Hemostatic plug formation in normal and von Willebrand pigs: the effect of the administration of cryoprecipitate and a monoclonal antibody to Willebrand factor

Hemostatic plug (HP) formation was investigated in the ear bleeding time incision in normal and von Willebrand pigs. HP volume was calculated by integrating the areas of serial sections. In normal pigs (n = 11), platelets immediately formed a layer on the surface of the cut channel. Platelet aggregates formed at the ends of transected vessels and gradually enlarged. Finally, all transected vessels were occluded by HP and bleeding stopped. In contrast, large HPs were formed in the incision in von Willebrand's disease (vWD) pigs (n = 4); these HPs did not cover the ends of the transected vessels, which continued to bleed, allowing the formation of large hemostatically ineffective platelet aggregates in the incision.
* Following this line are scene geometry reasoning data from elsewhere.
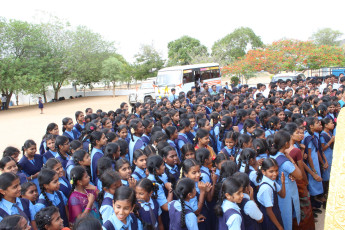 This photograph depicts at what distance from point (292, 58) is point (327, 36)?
120 ft

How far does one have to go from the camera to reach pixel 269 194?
254 cm

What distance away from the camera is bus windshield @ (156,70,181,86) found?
545 inches

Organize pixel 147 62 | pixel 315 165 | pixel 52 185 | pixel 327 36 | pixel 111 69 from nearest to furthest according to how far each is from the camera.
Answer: pixel 52 185
pixel 315 165
pixel 111 69
pixel 147 62
pixel 327 36

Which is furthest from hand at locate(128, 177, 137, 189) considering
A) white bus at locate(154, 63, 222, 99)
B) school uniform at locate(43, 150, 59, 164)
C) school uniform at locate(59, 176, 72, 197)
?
Answer: white bus at locate(154, 63, 222, 99)

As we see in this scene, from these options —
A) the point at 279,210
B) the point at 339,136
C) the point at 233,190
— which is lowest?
the point at 279,210

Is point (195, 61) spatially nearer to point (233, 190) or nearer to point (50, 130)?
point (50, 130)

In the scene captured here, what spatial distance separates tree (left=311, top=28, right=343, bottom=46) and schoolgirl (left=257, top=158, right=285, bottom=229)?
5178cm

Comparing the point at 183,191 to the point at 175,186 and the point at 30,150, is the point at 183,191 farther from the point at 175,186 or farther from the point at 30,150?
the point at 30,150

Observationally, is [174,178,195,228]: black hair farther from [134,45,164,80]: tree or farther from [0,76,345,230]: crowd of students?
[134,45,164,80]: tree

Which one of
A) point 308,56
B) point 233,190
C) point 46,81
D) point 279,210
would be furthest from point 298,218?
point 46,81

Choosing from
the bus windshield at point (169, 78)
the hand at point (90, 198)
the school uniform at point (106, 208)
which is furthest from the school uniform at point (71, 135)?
the bus windshield at point (169, 78)

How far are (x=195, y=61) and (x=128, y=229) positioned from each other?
2801cm

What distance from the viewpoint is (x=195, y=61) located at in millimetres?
29297

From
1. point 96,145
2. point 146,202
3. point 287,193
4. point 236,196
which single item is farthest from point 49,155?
point 287,193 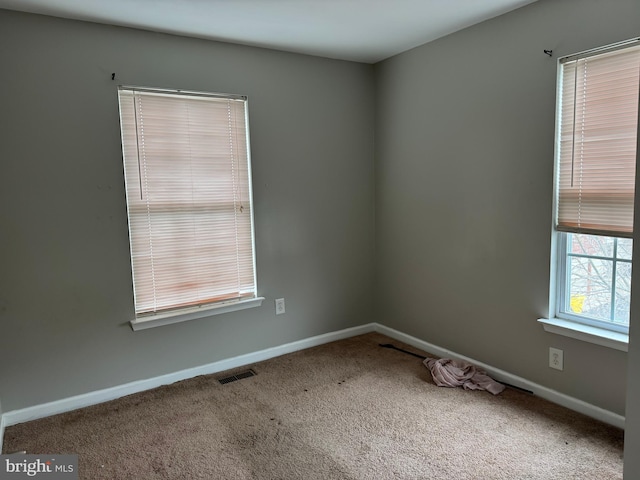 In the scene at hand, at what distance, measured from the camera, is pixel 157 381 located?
9.42ft

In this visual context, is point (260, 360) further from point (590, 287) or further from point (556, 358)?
point (590, 287)

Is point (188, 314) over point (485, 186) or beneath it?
beneath

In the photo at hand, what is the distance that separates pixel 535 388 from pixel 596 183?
124 cm

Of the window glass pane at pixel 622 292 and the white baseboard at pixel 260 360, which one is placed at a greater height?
the window glass pane at pixel 622 292

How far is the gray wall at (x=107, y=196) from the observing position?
2.41m

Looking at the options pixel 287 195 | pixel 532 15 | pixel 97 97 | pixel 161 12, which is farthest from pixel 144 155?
pixel 532 15

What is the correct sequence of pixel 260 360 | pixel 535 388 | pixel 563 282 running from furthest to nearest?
pixel 260 360 → pixel 535 388 → pixel 563 282

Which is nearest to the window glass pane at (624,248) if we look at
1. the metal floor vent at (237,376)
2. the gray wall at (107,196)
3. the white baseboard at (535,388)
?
the white baseboard at (535,388)

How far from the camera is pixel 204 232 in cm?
297

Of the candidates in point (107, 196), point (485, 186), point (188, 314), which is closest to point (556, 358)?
point (485, 186)

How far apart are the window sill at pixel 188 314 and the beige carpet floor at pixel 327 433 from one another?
1.40ft

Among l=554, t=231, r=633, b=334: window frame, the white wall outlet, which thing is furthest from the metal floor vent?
l=554, t=231, r=633, b=334: window frame

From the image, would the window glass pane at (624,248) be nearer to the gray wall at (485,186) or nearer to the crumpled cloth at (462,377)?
the gray wall at (485,186)

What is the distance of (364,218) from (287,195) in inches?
30.4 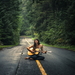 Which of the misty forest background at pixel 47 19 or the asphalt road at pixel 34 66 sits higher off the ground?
the misty forest background at pixel 47 19

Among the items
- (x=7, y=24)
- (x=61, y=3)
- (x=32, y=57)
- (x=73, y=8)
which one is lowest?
(x=32, y=57)

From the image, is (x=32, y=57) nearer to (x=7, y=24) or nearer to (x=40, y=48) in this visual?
(x=40, y=48)

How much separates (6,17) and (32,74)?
27.9 meters

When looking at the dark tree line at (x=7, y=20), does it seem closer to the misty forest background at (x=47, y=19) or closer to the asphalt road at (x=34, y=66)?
the misty forest background at (x=47, y=19)

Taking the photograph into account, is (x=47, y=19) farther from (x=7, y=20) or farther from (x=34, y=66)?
(x=34, y=66)

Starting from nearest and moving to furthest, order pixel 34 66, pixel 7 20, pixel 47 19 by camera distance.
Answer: pixel 34 66
pixel 7 20
pixel 47 19

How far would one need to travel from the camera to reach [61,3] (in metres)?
29.6

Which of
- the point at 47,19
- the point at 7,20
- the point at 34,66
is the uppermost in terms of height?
the point at 47,19

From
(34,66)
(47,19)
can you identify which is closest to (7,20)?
(47,19)

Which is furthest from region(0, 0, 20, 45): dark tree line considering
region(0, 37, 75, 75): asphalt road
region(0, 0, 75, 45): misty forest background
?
region(0, 37, 75, 75): asphalt road

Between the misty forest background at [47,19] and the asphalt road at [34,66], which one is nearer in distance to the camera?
A: the asphalt road at [34,66]

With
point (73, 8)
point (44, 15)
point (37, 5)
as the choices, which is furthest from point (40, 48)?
point (37, 5)

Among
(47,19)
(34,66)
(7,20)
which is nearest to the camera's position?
(34,66)

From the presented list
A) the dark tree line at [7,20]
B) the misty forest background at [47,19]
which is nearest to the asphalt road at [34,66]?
the misty forest background at [47,19] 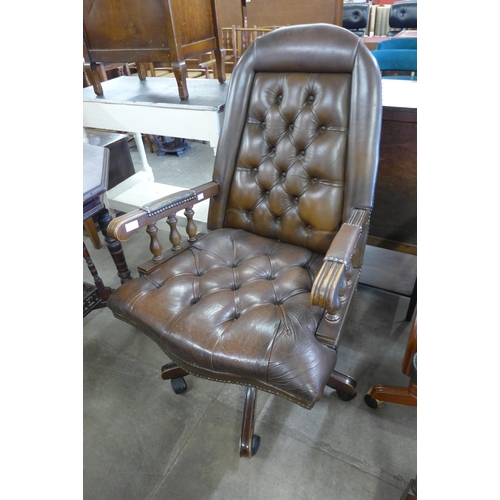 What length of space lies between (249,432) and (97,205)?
1.03m

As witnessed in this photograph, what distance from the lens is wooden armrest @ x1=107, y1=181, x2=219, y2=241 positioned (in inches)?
37.8

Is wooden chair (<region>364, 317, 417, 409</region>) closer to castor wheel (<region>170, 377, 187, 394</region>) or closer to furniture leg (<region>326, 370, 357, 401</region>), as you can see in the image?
furniture leg (<region>326, 370, 357, 401</region>)

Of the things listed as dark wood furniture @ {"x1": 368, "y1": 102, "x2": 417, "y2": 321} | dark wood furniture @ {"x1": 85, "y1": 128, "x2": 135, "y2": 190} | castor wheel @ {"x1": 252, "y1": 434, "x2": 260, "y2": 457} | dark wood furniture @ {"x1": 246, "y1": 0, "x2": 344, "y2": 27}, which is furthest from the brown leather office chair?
dark wood furniture @ {"x1": 246, "y1": 0, "x2": 344, "y2": 27}

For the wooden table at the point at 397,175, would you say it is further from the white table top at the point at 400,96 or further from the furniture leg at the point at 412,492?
the furniture leg at the point at 412,492

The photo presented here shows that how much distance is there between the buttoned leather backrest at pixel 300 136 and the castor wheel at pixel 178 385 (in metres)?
0.65

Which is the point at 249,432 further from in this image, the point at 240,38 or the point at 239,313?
the point at 240,38

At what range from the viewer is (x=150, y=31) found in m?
1.32

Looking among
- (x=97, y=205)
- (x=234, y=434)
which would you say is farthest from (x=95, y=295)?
(x=234, y=434)

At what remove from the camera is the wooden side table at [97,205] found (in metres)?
1.22

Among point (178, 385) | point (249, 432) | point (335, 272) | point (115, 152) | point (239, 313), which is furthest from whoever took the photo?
point (115, 152)

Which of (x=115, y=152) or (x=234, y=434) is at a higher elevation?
(x=115, y=152)

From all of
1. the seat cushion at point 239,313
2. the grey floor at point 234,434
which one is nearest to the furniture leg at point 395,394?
the grey floor at point 234,434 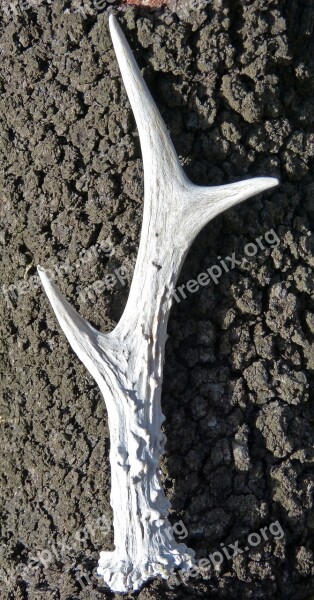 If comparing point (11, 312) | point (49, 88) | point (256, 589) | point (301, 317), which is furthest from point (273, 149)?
point (256, 589)

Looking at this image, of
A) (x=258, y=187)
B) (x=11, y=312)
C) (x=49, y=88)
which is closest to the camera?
(x=258, y=187)

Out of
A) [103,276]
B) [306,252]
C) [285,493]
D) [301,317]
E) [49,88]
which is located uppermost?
[49,88]

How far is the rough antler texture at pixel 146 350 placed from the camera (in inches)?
82.6

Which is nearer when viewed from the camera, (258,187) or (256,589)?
(258,187)

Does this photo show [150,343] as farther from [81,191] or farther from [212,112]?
[212,112]

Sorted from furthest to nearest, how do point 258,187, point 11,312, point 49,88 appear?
point 11,312 → point 49,88 → point 258,187

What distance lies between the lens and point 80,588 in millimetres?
2227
Canals traversed these HPs, and bleeding from the open vessels may have continued through them. After infusion of cryoprecipitate into a vWD pig, the bleeding time shortened, and the morphological findings of the HPs were similar to those of normal pigs. In normal pigs (n = 3) infused with an anti- Willebrand factor monoclonal antibody, which prolonged the bleeding time, a large HP formed in the incision, similar to that observed in the vWD pig. The volume of the normal and vWD HPs increased with time. These in vivo findings suggest that Willebrand factor is involved in the localization of the HP to the damaged vessel and may also play a role in platelet-platelet interaction. A computerized morphometric technique was used for measuring the volume of the hemostatic plugs and the distance of sequential points on the perimeter of the HP from the center of selected bleeding vessels.